Despite the tattered economy, Georgia credit unions say lending held up in the first six months of the year.
It was an unexpected sign of stability, though credit union leaders are quick to say it’s not clear if the trend will hold.
Much of the new business generated was homeowners refinancing their mortgages, said Mike Mercer, president and CEO of Georgia Credit Union Affiliates, which represents the state’s 168 credit unions.
“We were pleasantly surprised that originations have been as good as they have,” Mercer said. “I would have guessed the first half of this year would have been atrocious.”
In all, the state’s credit unions reported $2.1 billion in loans made during the first half of 2009, compared to $2 billion a year earlier. The number of loans generated has dropped slightly in 2009, but the average loan size rose.
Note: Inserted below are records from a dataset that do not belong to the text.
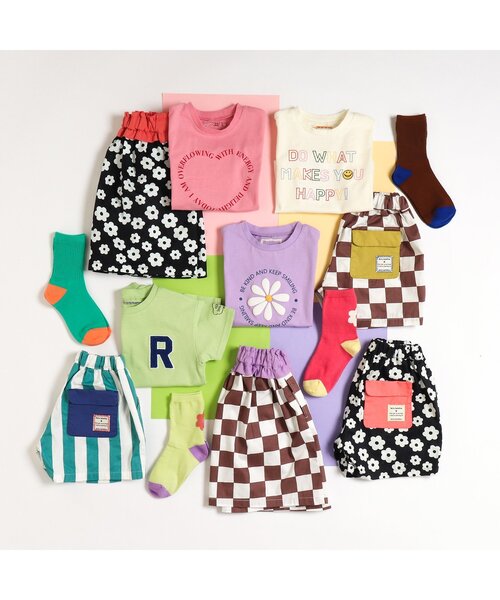 apres les cours（アプレレクール）の「フラワー・チェッカー柄ふんわりスカート（スカート・キッズ・ブラック/ブラウン・130/90/100/110/120/80）」の11枚目の写真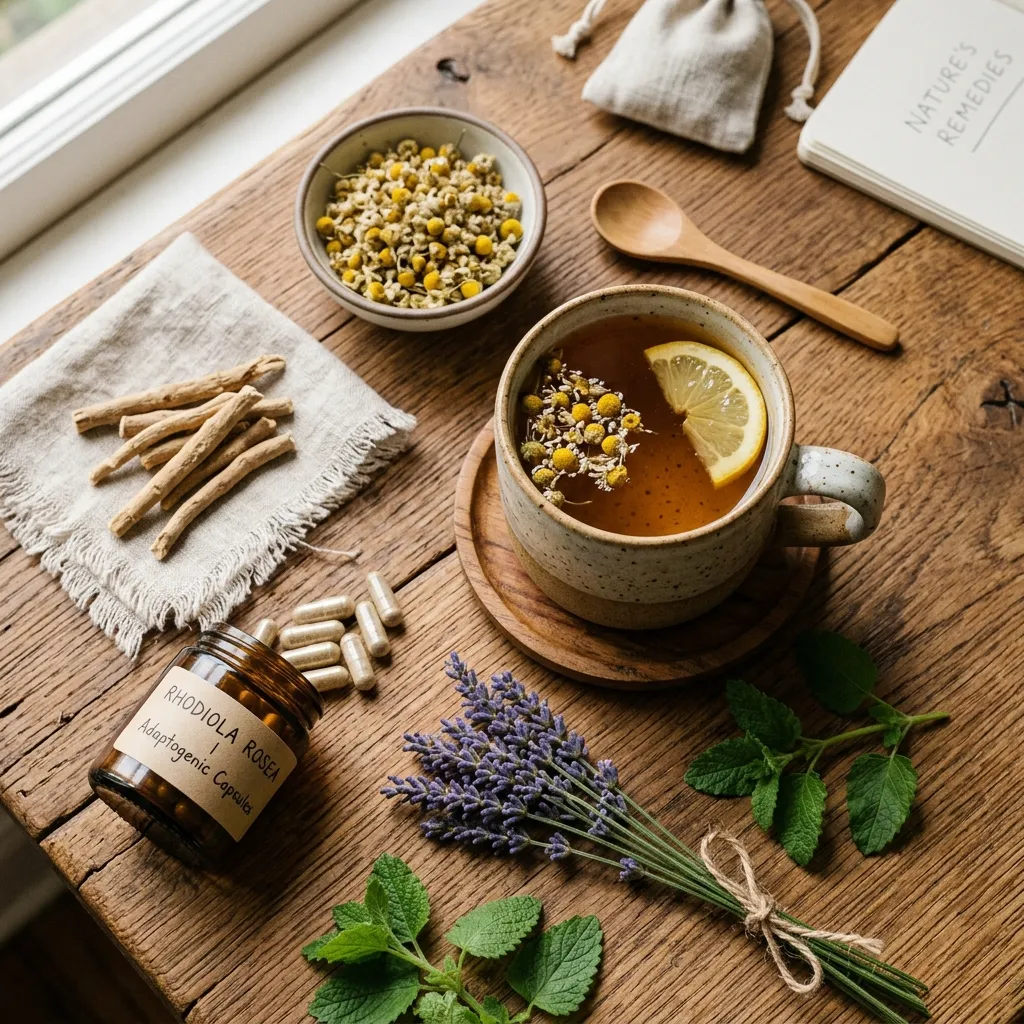 Adaptogenic herbs including ashwagandha, rhodiola, chamomile, and lavender for natural stress relief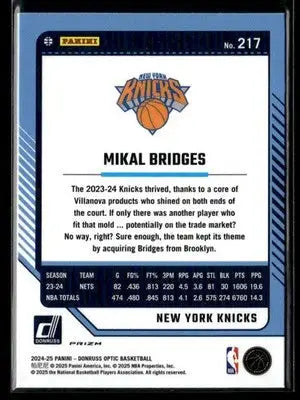 2024-25 Donruss Optic Mikal Bridges #217 Holo Prizm New York Knicks - Basketball Card Single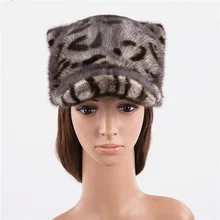 MLHXFUR Винтаж зима Для женщин норки Бейсбол шляпа Кепки уха Шапки симпатичный меховой хвост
No Georgia credit unions have failed during the recession, but the economic doldrums have taken a toll.
Loan volume growth has slowed, and earnings are down by about 50 percent across the board, Mercer said. About a quarter of the state’s credit unions reported a loss over the first six months of the year.
Part of the problem, Mercer said, is that deposit levels at credit unions have shot up faster than money can be lent out. Credit unions are parking cash in overnight or short-term investment accounts, which earn far less than the 1 to 2 percent returns paid on the deposits.
The difference eats into earnings, he said.
Deposits are up about 16 percent over the past year, Mercer said, in part because customers are keeping money in their credit union rather than spending or investing.
It’s a bit difficult to gauge the performance of credit unions to the state’s banks when it comes to lending, as federal regulators don’t break out loan originations. But total loan volume at Georgia banks has dipped slightly, standing at $207 billion at the end of June compared to $214 billion in June 2008.